Excerpts from a dataset:
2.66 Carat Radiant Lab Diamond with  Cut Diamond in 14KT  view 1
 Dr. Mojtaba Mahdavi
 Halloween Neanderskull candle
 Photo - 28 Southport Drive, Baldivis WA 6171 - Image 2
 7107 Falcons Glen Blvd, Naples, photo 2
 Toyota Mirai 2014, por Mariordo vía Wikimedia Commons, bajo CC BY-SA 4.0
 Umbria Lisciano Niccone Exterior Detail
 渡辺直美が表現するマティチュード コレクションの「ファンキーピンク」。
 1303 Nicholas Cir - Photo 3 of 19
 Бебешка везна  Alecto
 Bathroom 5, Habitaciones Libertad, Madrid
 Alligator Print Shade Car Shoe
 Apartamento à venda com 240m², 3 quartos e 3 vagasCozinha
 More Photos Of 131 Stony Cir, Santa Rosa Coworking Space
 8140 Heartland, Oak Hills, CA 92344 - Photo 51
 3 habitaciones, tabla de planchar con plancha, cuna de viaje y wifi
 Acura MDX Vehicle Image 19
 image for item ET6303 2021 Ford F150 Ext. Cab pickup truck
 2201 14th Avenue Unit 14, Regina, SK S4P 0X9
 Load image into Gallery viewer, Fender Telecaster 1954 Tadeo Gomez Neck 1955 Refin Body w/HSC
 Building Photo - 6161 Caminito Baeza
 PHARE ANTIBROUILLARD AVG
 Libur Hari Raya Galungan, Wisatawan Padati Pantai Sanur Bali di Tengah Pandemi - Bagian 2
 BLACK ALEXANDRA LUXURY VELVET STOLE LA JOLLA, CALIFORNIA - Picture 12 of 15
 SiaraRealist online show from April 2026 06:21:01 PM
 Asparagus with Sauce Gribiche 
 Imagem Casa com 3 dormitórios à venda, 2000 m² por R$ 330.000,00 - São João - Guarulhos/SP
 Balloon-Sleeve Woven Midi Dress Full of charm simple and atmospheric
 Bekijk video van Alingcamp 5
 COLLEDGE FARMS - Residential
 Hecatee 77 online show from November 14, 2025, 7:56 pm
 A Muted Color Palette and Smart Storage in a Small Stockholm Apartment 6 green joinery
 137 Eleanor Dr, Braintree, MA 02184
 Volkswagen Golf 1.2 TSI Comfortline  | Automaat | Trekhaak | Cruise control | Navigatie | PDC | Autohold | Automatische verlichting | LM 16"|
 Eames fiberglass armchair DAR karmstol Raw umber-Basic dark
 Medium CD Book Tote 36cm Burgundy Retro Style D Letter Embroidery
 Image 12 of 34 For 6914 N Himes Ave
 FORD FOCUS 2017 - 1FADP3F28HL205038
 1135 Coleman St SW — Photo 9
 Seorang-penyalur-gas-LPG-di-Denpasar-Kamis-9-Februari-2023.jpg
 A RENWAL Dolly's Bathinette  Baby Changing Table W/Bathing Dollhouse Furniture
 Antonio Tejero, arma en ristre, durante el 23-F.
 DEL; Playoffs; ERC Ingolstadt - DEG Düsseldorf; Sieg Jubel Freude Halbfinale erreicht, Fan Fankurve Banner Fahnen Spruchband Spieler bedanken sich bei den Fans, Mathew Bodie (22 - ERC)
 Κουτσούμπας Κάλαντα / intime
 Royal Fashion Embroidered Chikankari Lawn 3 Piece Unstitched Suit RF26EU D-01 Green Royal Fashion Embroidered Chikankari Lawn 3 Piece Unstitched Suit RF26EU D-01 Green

• _What you will do_:
Write out only the lines from the very start of the entries above to the line that includes "2201 14th Avenue Unit 14, Regina, SK S4P 0X9", both ends included, each one unchanged.

• _Written response_:
2.66 Carat Radiant Lab Diamond with  Cut Diamond in 14KT  view 1
 Dr. Mojtaba Mahdavi
 Halloween Neanderskull candle
 Photo - 28 Southport Drive, Baldivis WA 6171 - Image 2
 7107 Falcons Glen Blvd, Naples, photo 2
 Toyota Mirai 2014, por Mariordo vía Wikimedia Commons, bajo CC BY-SA 4.0
 Umbria Lisciano Niccone Exterior Detail
 渡辺直美が表現するマティチュード コレクションの「ファンキーピンク」。
 1303 Nicholas Cir - Photo 3 of 19
 Бебешка везна  Alecto
 Bathroom 5, Habitaciones Libertad, Madrid
 Alligator Print Shade Car Shoe
 Apartamento à venda com 240m², 3 quartos e 3 vagasCozinha
 More Photos Of 131 Stony Cir, Santa Rosa Coworking Space
 8140 Heartland, Oak Hills, CA 92344 - Photo 51
 3 habitaciones, tabla de planchar con plancha, cuna de viaje y wifi
 Acura MDX Vehicle Image 19
 image for item ET6303 2021 Ford F150 Ext. Cab pickup truck
 2201 14th Avenue Unit 14, Regina, SK S4P 0X9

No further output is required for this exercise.